Systems surround us in contemporary life, from the bureaucratic structures of our government to the rules and scripts underlying our digital interfaces. In my art practice, I design materially driven systems as a methodology to produce artworks, combining chance, rules, repetitious labour and serendipitous material textures. Equal parts chance and conscious decision-making in the studio, I hope to visualise a tension between system-based perfection and the looseness inherent in handmade objects. Rules dictate my compositions, order, colour and density.
I am conscious of how my abstract artworks can depict light, often using tone, density and translucence to convey a sense of light refracting. At art school, I majored in Photomedia. Though I haven’t continued to work heavily with light-sensitive materials, a focus on light has continued to underpin what I do.
In recent years, my artworks have used chance-based elements to dictate composition by connecting or layering random points in different ways. This painting is built up with many thin layers of colour. The shape of each layer is mapped out by scattering random points that form negative space when connected together.
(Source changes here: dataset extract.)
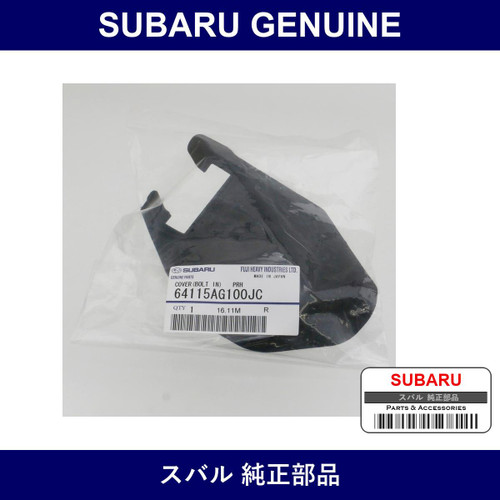 Genuine Subaru Cover Bolt Inner Light - Multiple Part Numbers [Set 64115]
Many of my influences originate from the Conceptual Art and Minimalist movements of the 60s and 70s. While being conscious of situating my practice in the contemporary, I find myself nostalgic for a time and place I never experienced. My art practice feels very interlinked with time, the repetitious nature of my mark-making and systems becoming an abstract visual record of time and labour. Sometimes I feel that my time spent labouring in the studio is a form of time travel. While making, I think about the ambiguous nostalgic associations that my artworks can connect to.